Aldo Leopold was born in Burlington, Ia., in 1887.  He died in 1948 while fighting a grass fire on his neighbor’s farm.  He and his wife, Estella, are buried in a cemetery in Burlington.

Aldo Leopold is known today as the father of the wilderness idea, the father of wildlife management in the U.S., and the father of the land ethic.  The land ethic encourages us humans to understand that we belong to the community of all life on earth and that we need to learn to love and respect it.

“Conservation means harmony between men and land,” Leopold said. “When land does well for its owner and the owner does well by his land, when both end up better by reason of their partnership, we have conservation.  When one or the other grows poorer, we do not.”

That is why we established the Leopold Center for Sustainable Agriculture in 1987.

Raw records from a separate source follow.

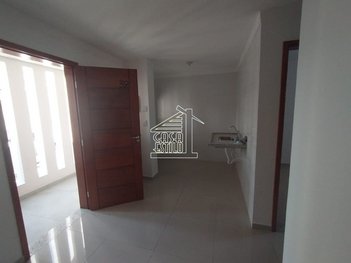 apartment em Rua Tenente-Coronel Soares Neiva, Vila Aricanduva - São Paulo - SP
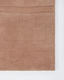 Strata NZ Wool Rug - Clay 200x300cm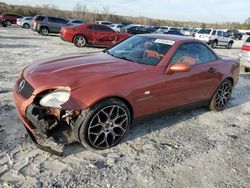 2000 Mercedes-Benz SLK 230 KO for sale in Loganville, GA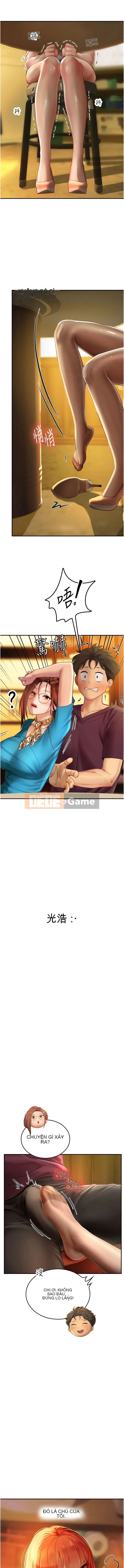 Thực tập sinh ama Chương 71-72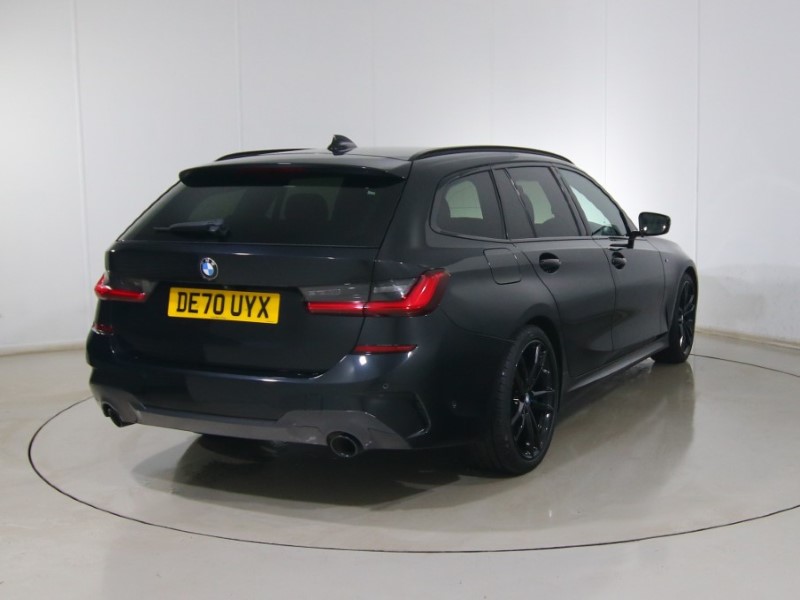 Used BMW 3 Series 2020 for sale - 76980891: Photo 41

“Conservation is a positive exercise of skill and insight, not merely a negative exercise of abstinence or caution,” Leopold said.

Thus, the Leopold Center.

“It is the individual farmer who must weave the greater part of the rug on which America stands,” Leopold said. “Shall he weave into it only the sober yarns which warm the feet or also some of the colors which warm the eye and the heart.”

Thus, the Leopold Center.

“The landscape of any farm is the owner’s portrait of himself,” Leopold said.

Thus, the Leopold Center.

“Once you learn to read the land, I have no fear of what you will do to it or with it,” Leopold said. “And I know of many pleasant things it will do to you.”

Thus, the Leopold Center.

One hundred years ago our nation recognized the importance of multiple use in our national forests.  Since then our forests have been managed for timber, wildlife, recreation, and water management.  It was an idea that has worked well.  The Leopold Center applied this visionary concept by promoting multi-functional, sustainable agriculture research at Iowa State University.

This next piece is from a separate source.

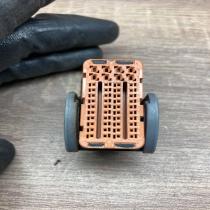 50300309507C   Plug wire Peugeot 206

The Leopold Center encourages us to understand that good agriculture is more than just the production of food, fiber, and fuel for world markets.  Good agriculture is multi-functional.  It’s about water management.  It’s about air quality.  It’s about wildlife.  It’s about biodiversity.  It’s about climate change.  It’s about beauty in the landscape.  It’s about farmers’ markets and healthy, locally grown food.

The state of Iowa gave the world Norman Borlaug and the Green Revolution.  Look at what it’s accomplished.  We recognize our native son every year with the World Food Prize.

Thirty years ago, the state of Iowa also launched the other half of a healthy agriculture with the Leopold Center.  Don’t let this idea die and cede it to Wisconsin or California.  Don’t let the naysayers trick us into thinking that we can’t afford a few million dollars a year to assure the future health of our private lands.

We gave an Egyptian company (now Dutch) more than $100 million in grants and tax breaks to build another nitrogen plant in Iowa.  And now we say we can’t afford a couple million dollars a year to maintain our Leopold Center, the world’s premier center for promoting the health of our agriculture lands.

Please, Iowa Legislature, governor and Iowa State University, give our future a chance. Restore full funding to the Leopold Center along with adequate funding to the new Nutrient Reduction Center at ISU.  Make Iowa great again.  Yes, we can.

Paul W. Johnson of Decorah is a former state legislator, a former Chief USDA SCS/NRCS, a former director of the Iowa DNR, and a retired farmer.